THE DATA
════════

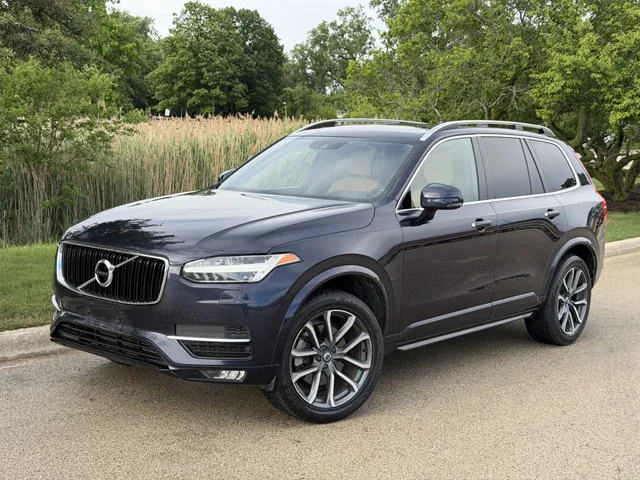 2017 Volvo XC90 T6 AWD Momentum's photo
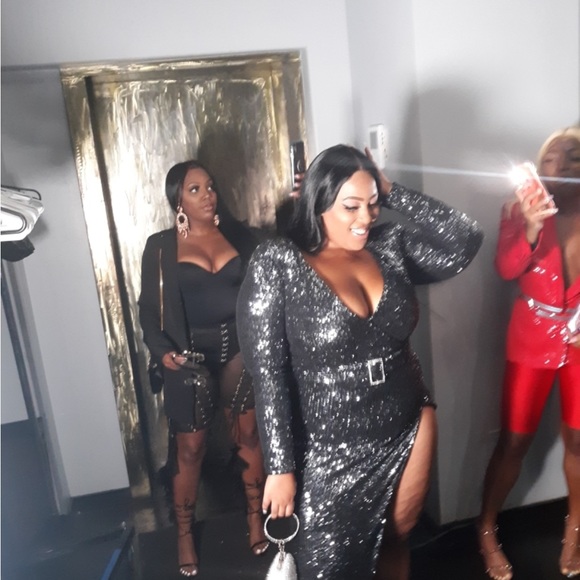 Custom black sequin gown with diamonte buckle - Picture 7 of 9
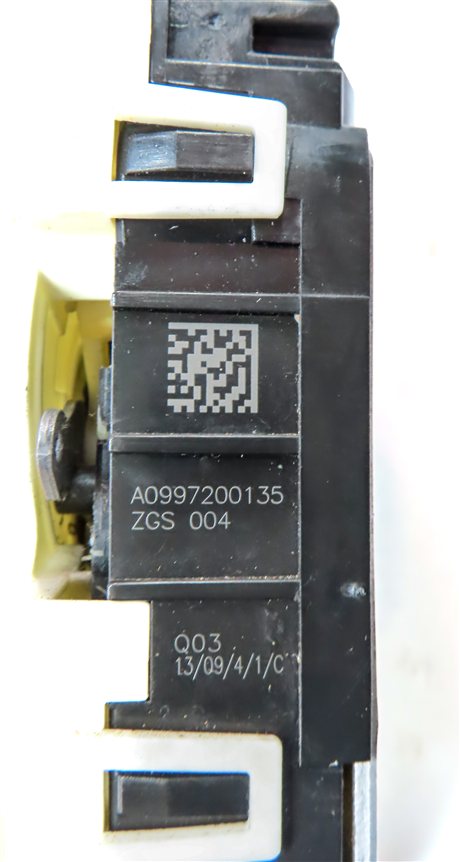 Thumbnail 6: 2010-2019 MB C300 C350 E350 E550 GLK250 GLK350 SL450 SL550 LEFT FRONT DOOR LATCH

════════

Every line from the one with "Custom black sequin" through the last line of the material gets printed exactly, and nothing more. Omit the pictures.

ANSWER SECTION
 Custom black sequin gown with diamonte buckle - Picture 7 of 9
 Thumbnail 6: 2010-2019 MB C300 C350 E350 E550 GLK250 GLK350 SL450 SL550 LEFT FRONT DOOR LATCH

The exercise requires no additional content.